I don’t know if anyone other than me has the problem, but I have difficulty in baking a potato (in the oven or cheating with the microwave) that doesn’t end up hard on the bottom. I’ve loved eating the baked skins of a russet potato for as long as I remember. Whether he remembers it or not, I’d often trade the insides of my potato with my younger brother for the outside of his because I love them that much! When the skin is still nice and hot, I like putting pats of butter inside and letting it melt, then picking them up and biting into them. Yes, the butter drips down my chin, but it’s totally worth it. Anyhow, I get upset when there’s a part of the skin I can’t enjoy because it’s rock hard. My bestie bought me one of those cloth bags to put your potatoes in for the microwave, but that didn’t stop my problem. I did find that, if I folded up a full sheet of parchment paper and placed it on top of a piece of foil that I’d folded at least three times, it lessened that amount of hardness at the base of my potato by at least 65%. Better, but still not good enough, you know? And then, one day, the Internet showed me a video about exactly my problem, and I was told to make sure that I do two things I wasn’t doing. First, don’t just poke holes in the top of the potato to let steam escape, but on the entire potato because the reason the bottom gets hard is because there is nowhere for that steam to escape. The second suggestion was to rub olive oil (I think most types of cooking oil would work) over the entire potato after you’ve added the holes. Apparently, as the oil evaporates, the skins get more firm.
I tried it. It worked. I’m now enjoying baked potato skins as well as loading up the soft baked potato from the inside with butter, sour cream and chives, adding bacon and/or shredded cheddar cheese depending on my mood.
I will be gathering up recipes I want to share with you and will try to get them together in the near future. As the saying goes, “Life is what happens when you’re busy making other plans”. Life is bombarding me with reality and situations with which to deal, so my time – and energy – to write has been slacking off. I apologize for that.

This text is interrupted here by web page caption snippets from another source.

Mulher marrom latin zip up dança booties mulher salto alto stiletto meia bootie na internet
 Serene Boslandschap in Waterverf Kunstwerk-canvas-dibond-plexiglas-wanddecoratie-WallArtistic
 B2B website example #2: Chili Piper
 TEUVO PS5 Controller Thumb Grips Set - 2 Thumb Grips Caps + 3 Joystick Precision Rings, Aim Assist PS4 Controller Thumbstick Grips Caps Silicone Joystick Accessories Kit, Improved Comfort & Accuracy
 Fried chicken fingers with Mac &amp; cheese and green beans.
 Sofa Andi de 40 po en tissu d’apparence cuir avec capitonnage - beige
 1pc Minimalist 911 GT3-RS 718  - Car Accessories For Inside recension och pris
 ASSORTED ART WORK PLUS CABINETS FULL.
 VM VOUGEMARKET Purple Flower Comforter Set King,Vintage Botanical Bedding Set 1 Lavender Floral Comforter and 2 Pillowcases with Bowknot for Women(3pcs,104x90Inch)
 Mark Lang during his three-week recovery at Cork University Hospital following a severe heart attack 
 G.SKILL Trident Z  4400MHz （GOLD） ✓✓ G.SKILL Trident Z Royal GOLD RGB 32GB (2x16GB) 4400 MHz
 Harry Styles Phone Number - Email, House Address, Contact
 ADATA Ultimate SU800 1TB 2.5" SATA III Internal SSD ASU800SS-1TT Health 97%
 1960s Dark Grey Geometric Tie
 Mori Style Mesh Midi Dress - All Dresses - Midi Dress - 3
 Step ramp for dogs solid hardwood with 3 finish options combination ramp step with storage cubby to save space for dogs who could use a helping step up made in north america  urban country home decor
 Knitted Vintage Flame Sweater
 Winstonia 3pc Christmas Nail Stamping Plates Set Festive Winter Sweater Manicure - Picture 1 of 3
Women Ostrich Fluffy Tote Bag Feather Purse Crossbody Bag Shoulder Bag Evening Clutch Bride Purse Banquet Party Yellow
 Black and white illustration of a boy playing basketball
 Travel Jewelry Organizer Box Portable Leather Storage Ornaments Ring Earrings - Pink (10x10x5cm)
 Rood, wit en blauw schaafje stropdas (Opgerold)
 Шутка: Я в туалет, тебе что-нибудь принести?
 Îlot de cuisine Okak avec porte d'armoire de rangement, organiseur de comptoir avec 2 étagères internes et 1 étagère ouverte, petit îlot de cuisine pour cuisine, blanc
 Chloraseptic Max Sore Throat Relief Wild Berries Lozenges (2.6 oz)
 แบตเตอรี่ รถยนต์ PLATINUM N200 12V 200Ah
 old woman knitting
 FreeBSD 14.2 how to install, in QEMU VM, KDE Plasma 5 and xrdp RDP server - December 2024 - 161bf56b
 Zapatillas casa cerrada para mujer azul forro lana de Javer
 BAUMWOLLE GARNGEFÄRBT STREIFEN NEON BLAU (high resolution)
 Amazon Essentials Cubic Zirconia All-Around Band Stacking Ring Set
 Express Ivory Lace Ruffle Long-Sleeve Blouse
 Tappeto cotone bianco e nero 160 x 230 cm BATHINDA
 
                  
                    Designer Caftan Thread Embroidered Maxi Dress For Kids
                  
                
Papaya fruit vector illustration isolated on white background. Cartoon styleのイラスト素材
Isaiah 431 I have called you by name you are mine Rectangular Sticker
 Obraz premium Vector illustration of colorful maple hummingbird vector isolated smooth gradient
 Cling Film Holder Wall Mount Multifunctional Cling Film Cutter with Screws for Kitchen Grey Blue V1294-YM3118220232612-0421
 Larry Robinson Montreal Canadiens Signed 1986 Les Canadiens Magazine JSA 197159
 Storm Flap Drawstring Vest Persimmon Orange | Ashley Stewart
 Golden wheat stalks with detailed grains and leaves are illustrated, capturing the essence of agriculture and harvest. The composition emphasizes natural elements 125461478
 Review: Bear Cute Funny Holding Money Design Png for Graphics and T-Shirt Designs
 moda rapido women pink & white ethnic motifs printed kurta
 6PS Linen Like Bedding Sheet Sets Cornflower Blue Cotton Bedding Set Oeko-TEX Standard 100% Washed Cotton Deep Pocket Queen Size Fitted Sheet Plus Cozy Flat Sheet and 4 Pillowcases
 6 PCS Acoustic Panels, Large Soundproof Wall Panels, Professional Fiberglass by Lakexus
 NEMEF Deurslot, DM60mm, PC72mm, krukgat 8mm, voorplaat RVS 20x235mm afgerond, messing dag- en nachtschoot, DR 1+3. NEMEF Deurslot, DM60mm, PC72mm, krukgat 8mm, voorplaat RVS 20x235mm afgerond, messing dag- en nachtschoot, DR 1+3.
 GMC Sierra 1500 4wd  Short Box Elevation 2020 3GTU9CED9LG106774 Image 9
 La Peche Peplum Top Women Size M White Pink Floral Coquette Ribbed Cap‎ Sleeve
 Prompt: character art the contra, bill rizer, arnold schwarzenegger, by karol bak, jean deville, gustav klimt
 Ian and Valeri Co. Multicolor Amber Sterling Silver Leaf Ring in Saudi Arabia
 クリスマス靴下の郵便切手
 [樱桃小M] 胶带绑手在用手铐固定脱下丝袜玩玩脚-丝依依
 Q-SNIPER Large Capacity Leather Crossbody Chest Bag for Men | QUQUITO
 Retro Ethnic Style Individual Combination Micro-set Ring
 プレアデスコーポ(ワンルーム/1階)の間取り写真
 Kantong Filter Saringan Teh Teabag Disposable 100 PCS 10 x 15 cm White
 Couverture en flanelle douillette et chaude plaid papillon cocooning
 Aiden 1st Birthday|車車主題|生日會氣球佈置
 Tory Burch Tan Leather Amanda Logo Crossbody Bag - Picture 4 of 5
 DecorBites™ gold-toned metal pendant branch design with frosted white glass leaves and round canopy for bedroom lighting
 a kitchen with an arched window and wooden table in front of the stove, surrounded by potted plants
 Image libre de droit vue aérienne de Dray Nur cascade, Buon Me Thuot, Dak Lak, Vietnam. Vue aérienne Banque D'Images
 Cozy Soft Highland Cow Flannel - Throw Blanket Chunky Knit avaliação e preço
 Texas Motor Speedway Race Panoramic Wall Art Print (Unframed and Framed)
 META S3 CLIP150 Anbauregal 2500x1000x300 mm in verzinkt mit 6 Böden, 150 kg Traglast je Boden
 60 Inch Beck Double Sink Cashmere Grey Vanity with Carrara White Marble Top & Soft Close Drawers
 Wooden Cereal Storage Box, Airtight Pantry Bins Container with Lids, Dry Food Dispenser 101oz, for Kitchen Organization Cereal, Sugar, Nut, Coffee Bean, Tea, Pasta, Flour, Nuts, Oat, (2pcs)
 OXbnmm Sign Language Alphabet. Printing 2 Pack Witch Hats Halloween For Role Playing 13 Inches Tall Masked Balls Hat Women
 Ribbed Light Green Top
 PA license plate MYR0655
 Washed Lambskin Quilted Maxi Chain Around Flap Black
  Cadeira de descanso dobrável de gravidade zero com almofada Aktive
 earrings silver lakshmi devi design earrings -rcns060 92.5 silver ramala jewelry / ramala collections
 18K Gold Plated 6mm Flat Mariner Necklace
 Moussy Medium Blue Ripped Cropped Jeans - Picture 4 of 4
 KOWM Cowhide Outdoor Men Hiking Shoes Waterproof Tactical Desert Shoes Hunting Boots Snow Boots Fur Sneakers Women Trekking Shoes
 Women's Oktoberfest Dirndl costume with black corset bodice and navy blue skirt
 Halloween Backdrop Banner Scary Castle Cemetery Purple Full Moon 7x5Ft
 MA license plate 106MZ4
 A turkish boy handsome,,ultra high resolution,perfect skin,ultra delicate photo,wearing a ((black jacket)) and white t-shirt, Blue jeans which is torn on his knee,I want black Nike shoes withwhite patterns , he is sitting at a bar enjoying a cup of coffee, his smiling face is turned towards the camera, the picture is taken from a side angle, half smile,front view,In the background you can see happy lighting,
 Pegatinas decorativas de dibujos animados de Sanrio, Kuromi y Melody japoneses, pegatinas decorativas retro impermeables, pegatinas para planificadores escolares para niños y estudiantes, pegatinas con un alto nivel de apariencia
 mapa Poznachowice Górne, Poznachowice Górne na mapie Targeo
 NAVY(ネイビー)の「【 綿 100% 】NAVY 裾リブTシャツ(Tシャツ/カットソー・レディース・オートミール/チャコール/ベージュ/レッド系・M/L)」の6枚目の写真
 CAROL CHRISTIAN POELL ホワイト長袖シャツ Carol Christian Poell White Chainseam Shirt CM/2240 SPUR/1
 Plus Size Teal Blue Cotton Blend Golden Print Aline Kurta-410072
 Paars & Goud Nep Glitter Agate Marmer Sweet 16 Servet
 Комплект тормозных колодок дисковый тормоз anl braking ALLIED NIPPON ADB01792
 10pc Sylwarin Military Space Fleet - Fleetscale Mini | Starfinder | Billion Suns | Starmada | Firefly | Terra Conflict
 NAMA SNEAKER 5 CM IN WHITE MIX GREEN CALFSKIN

BONUS KITCHEN HACK: Did you know that the lid from your standard size Parmesan (sprinkle) cheese will fit on a mason jar??? Imagine how much easier it will be to leave the big sugar container up high in the pantry and just grab this jar to do things like sprinkle sugar on cereal! I’m excited about this because I have certain spices I use a lot of and tend to buy in large containers, then fill small spice jars – often, it seems. I need to start using up a lot of the ‘sprinkle’ cheese so I can use the containers it comes in!